Some of the information here was taken from https://github.com/xoreos/xoreos/blob/master/src/video/actimagine.cpp

Header (all 32-bit little endian words):

 * magic "VXDS"
 * number of frames
 * width
 * height
 * unknown
 * frame rate
 * audio sample rate
 * number of audio streams
 * max video frame size
 * audio extradata offset
 * video stream information offset
 * number of video streams

The rest of file consists of video+audio data packed together, audio extradata (3124 bytes long) and video stream information (two 32-bit words with some unknown meaning and video data start position).

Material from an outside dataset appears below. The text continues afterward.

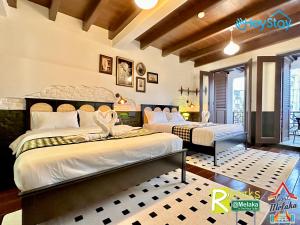 a bedroom with two beds and a balcony at Wayfarer Guest House Jonker Street Melaka By Heystay Management in Melaka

Each frame starts with 16-bit size and 16-bit number of audio frames (since single audio frames is 10-20 bytes long there may be several of them packed together). Audio data is stored immediately after video data aligned to 16 bits so in order to decode audio you need to decode video frame first.

Video codec description =

This codec is based on ITU H.264 and uses Elias Gamma' codes in most places. Data is coded in 16x16 macroblocks. Each macroblock starts with gamma' code telling its coding mode:

  0 - partition into 8x16 subblocks
  1 - copy 16x16 block
  2 - partition into 16x8 subblocks
  3 - delta 16x16 with MV
  4 - copy 16x16 block with MV from reference 1
  5 - copy 16x16 block with MV from reference 2
  6 - copy 16x16 block with MV from reference 3
  7 - delta 16x16
  8 - partition into 8x16 subblocks, add residue afterwards
  9 - copy 16x16 block from reference 2
 10 - delta 16x16 with MV, add residue afterwards
 11 - add full-block intra prediction
 12 - copy 16x16 block from reference 1, add residue afterwards
 13 - partition into 16x8 subblocks, add residue afterwards
 14 - copy 16x16 block from reference 3
 15 - intra prediction in 4x4 subblocks
 16 - copy 16x16 block with MV from reference 1, add residue afterwards
 17 - copy 16x16 block with MV from reference 2, add residue afterwards
 18 - copy 16x16 block with MV from reference 3, add residue afterwards
 19 - intra prediction in 4x4 subblocks, add residue afterwards
 20 - copy 16x16 block from reference 2, add residue afterwards
 21 - copy 16x16 block from reference 3, add residue afterwards
 22 - add full-block intra prediction and then residue
 23 - delta 16x16, add residue afterwards

"with MV" means that first you read two signed gamma' codes for motion vector delta.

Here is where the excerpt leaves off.